The cache memory improves storage system performance by reducing the number of times the controller must go to the disk to retrieve data. The cache memory stores the most recently accessed data in random access memory (RAM). When the host computer runs a particular software application, the input/output patterns seen by the disk drive controller tend to repeat. Therefore, there is a greater chance that data obtained from the disk will be used again. When the host computer requests retrieval of data that is in the cache memory, the controller does not have to retrieve the information from the disk but can retrieve it directly from the cache memory. Because the cache memory has a much faster data access time than the disk drive, retrieving the data directly from the cache memory substantially reduces the data access time seen by the host computer.
The cache memory includes a cache buffer and a cache table. In one embodiment, the cache buffer can store up to 192K bytes of data. The cache table maintains a list of the data present in the cache buffer by recording the starting addresses of the data retrieved from the disk. When the controller receives a write instruction that corresponds to addresses present in the cache memory, it updates the cache table such that it no longer indicates the data is present within the buffer. This prevents old data from being read from the cache buffer.
When the controller receives a read instruction, it refers to the cache table to determine whether the requested data is present in the cache buffer. If the data is not present in the cache buffer (cache miss), the controller retrieves the data from the disk and relays the data to the host computer. The controller also loads the data into the cache buffer and updates the cache table. A cache hit occurs when the data requested by the host computer is present in the cache buffer. In this situation, the controller retrieves the information directly from the buffer and transmits the data to the host computer. The ratio of cache hits to cache misses is a measure of cache memory performance.
In a multi-segment cache, the cache buffer is divided into segments. The number of segments in the cache buffer is known as the segmentation level. By segmenting the cache buffer, the controller can perform "look ahead" operations by retrieving excess blocks to fill an entire segment. Because memory operations tend to form repetitive and somewhat predictable patterns, the host computer will likely request data from the next consecutive blocks. The segmentation level determines the number of blocks in each segment and therefore determines the number of excess blocks retrieved. The greater the segmentation level, the smaller the number of blocks in each segment. Performance of the cache memory may be controlled by controlling the number of excess blocks retrieved in a read operation.
The optimum segmentation level depends upon the particular software application running on the host computer. Because the host computer frequently switches between various applications, a selected segmentation level may not achieve the desired performance over a wide range of applications. Therefore, a cache having an adaptive segment control is desired.
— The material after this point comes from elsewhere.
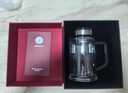 希诺抗菌双层玻璃杯男家用商务办公水杯带手柄泡茶杯子XN-9005K 420mL 实拍图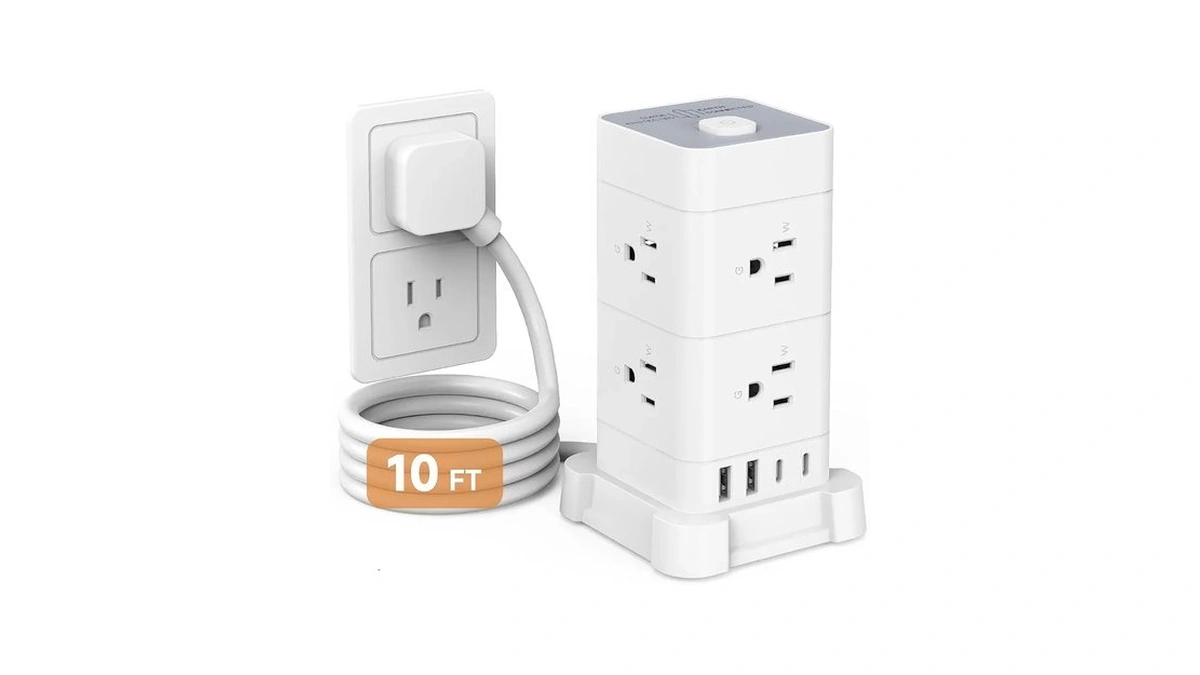 Power Strip Tower With 8 Ac Outlets 4 Usb Ports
Heuristic programming is one method of controlling segmentation level. A statistical performance analysis is performed on the cache memory and these results are applied to a set of rules. The variables applied to the rules include, among others, the number of blocks in each read that are a cache hit and the number of blocks that are a cache miss. However, there is simply not enough information in past statistical performance to predict a preferred segment level. Because there are many exceptions to the rules, heuristic programs do not provide accurate, dependable results. Therefore, there is a continuing need for a multi-segment cache having improved segment control.